Segundo, a antítese no coração é menosprezada pelo consumo
desmedido da cultura produzida pelos ímpios. A partir da ideia da
“graça comum”, os pensadores da cosmovisão cristã têm
acertadamente nos relembrado de que Deus é a fonte de toda boa
dádiva, e que ele traz coisas boas ao mundo até mesmo pela mão de
homens que o desprezam: desde energia elétrica, remédios e
vacinas, viagens de avião, até a beleza de um Michelangelo ou a
diversão de uma maratona de Breaking Bad. Por vezes, porém, isso
tem servido de desculpa para o consumo de produtos culturais que
promovem a imodéstia e a sensualidade, ou, mais sutilmente, para
um tipo de apreciação estética que separa radicalmente verdade e
beleza.[4] Na verdade, para fazer jus ao verdadeiro princípio da
antítese, as ideias de graça comum e mandato cultural deveriam
mais estimular os cristãos a produzirem cultura do que justificar o
(ab)uso do que é produzido por gente de outras cosmovisões.
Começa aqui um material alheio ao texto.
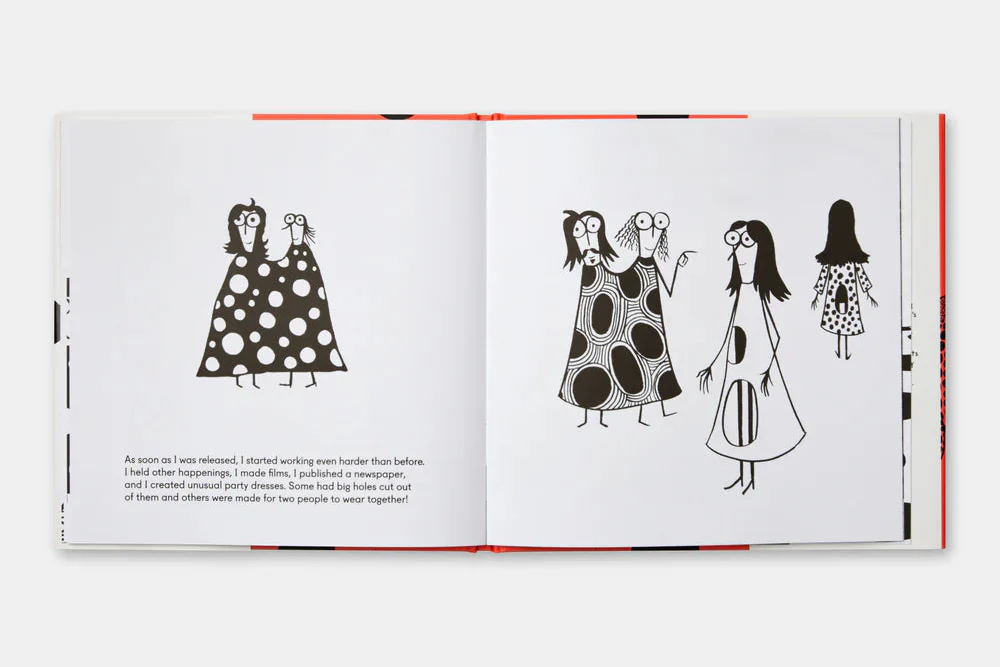 Yayoi Kusama Covered Everything in Dots and Wasn't Sorry - Image 7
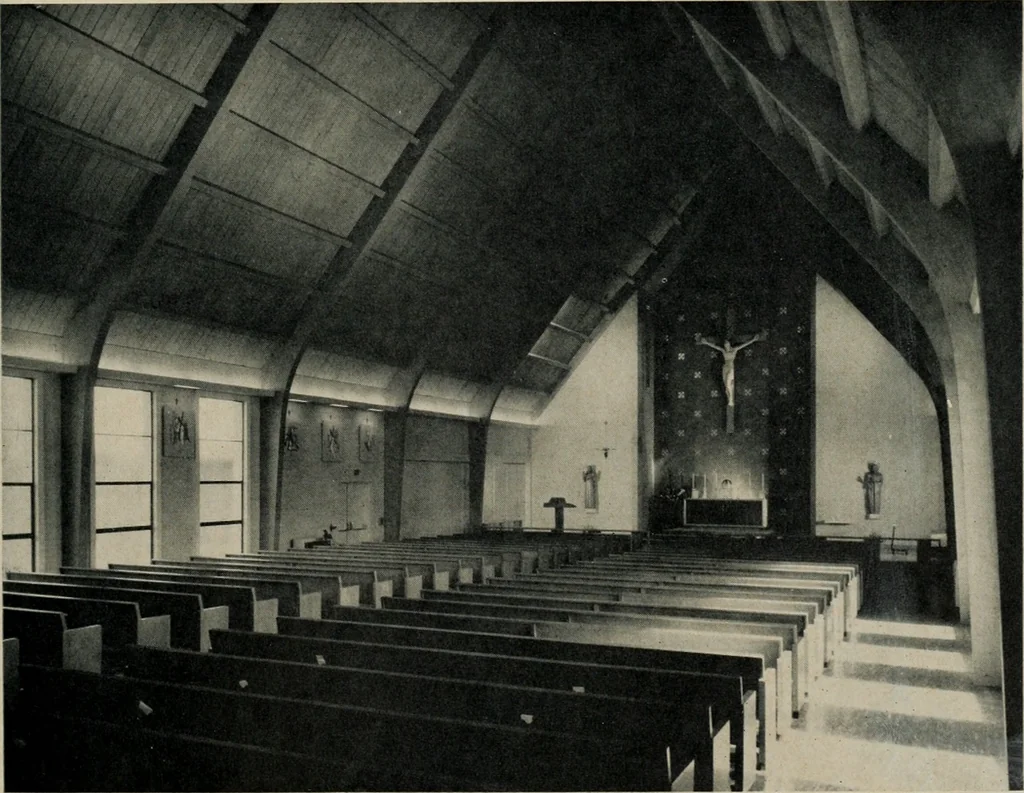 An illustration from Architect and engineer, 1905, leaf 566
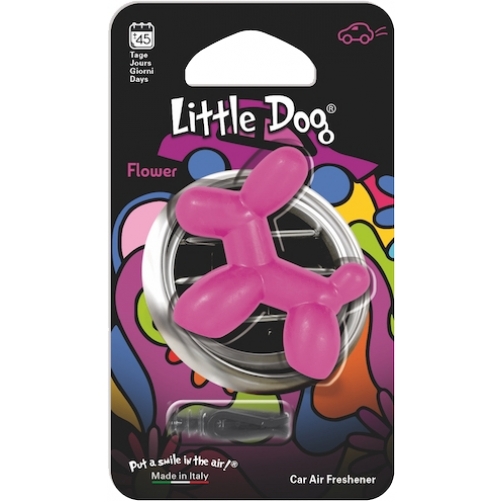 

Ароматизатор Little Dog Flower Цветок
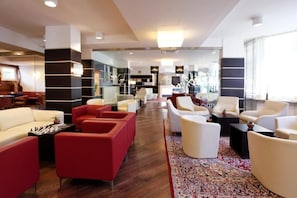 Reception hall - Palace Hotel Città (Arco)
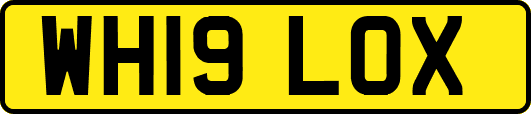 WH19LOX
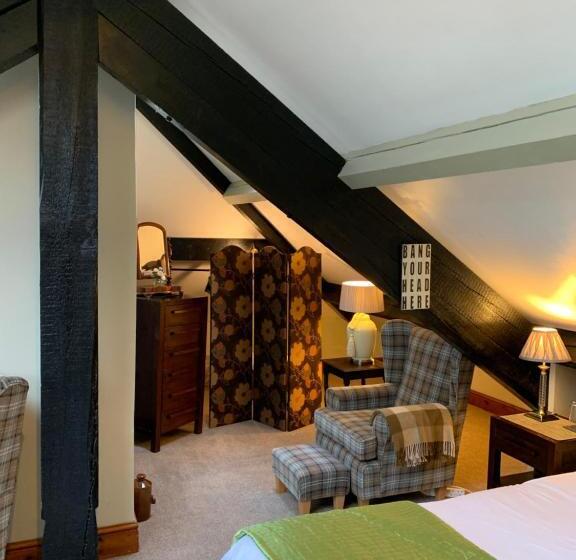 Номер Deluxe, Ivythwaite Lodge Guest House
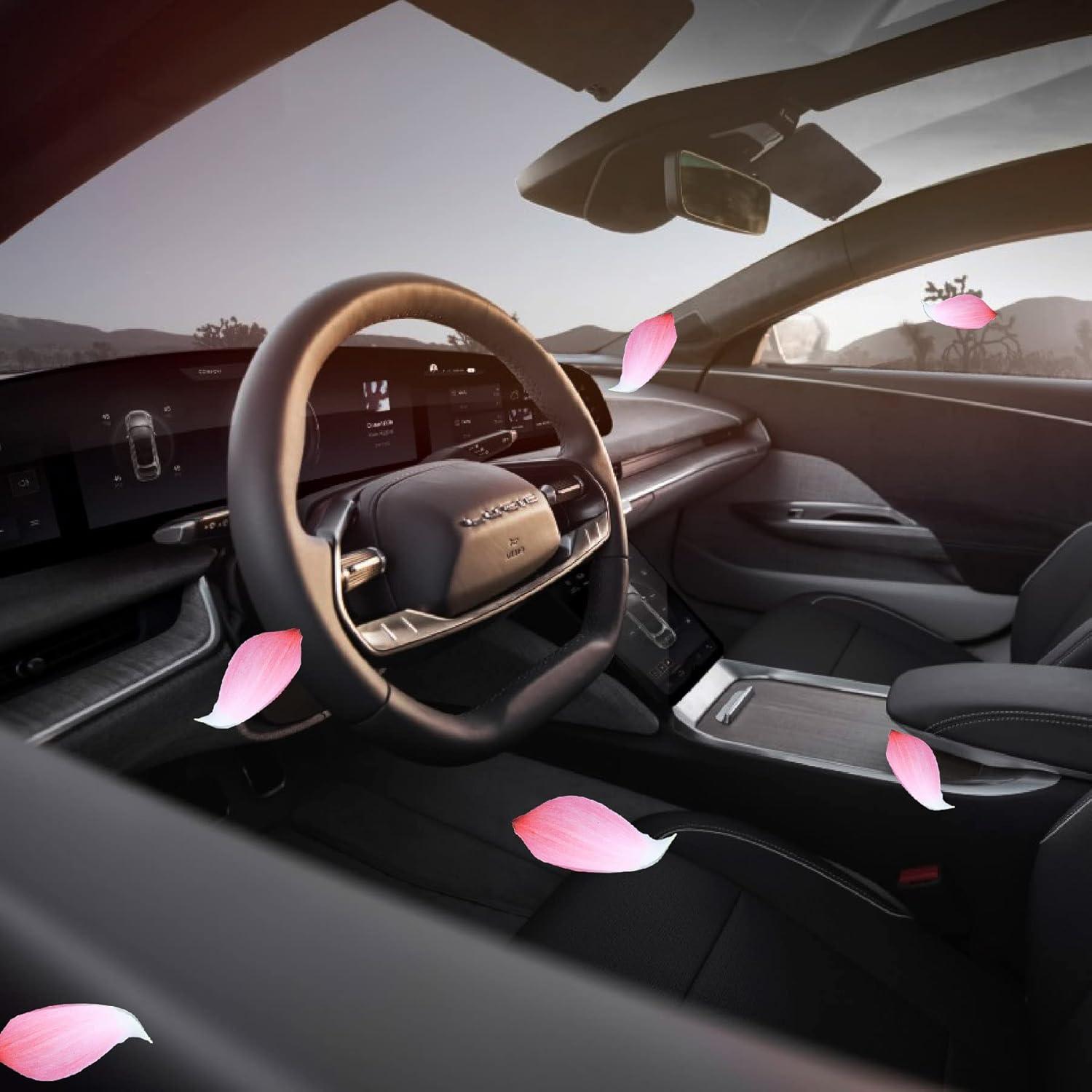 Recargas Ambientadores de Auto Jimtyee 10 Pcs Jazmín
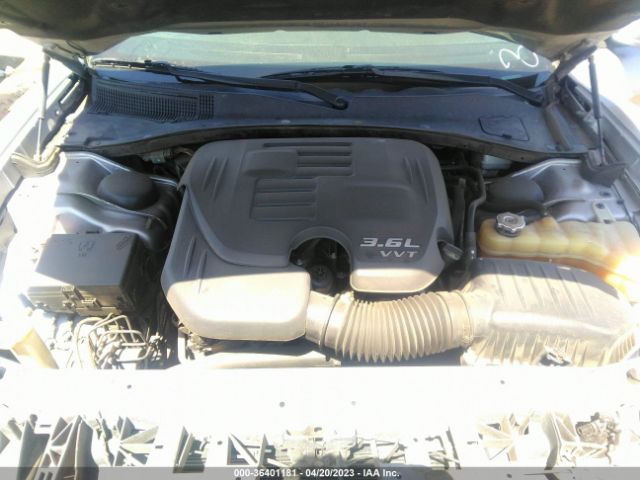 2C3CDXBG2EH215214 Dodge Charger Se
Terceiro, a antítese no coração é ignorada pela confusão do ódio
pelo pecado com a ira pecaminosa. Embora, de fato, haja uma
oposição ferrenha e radical entre os cristãos e o mundo que os cerca
(Jo 15.18), somos também lembrados de que nossa guerra não é
contra pessoas (Ef 6.12). A ideia bíblica da antítese não pode servir
de fundamento ao orgulho espiritual, justamente porque essa mesma
antítese entre o Espírito e a carne está posta também no próprio
coração dos crentes. Cristãos e não cristãos são diferentes em
muitas coisas, mas a consciência do pecado remanescente[5] deveria
nos levar a um envolvimento sempre humilde na guerra cultural. “Tais
fostes alguns de vós”, lembra-nos o apóstolo (1Co 6.11).
Não é sem razão que Herman Dooyeweerd, um dos grandes da
cosmovisão cristã e do engajamento cultural, tomou como mote de
sua filosofia o ensino de Salomão em Provérbios 4.23: “sobre tudo o
que se deve guardar, guarda o coração, pois dele procedem as fontes
da vida”. A antítese é fundamentalmente espiritual, e discerni-la e
encará-la em nosso próprio coração é um item essencial na
armadura do crente que pretende se alistar para a guerra cultural.
Antes de sair para o combate nas linhas inimigas, é preciso ter
certeza de que os portões de nossa própria vida estão bem fechados,
escondidos e protegidos pelo Espírito de Deus.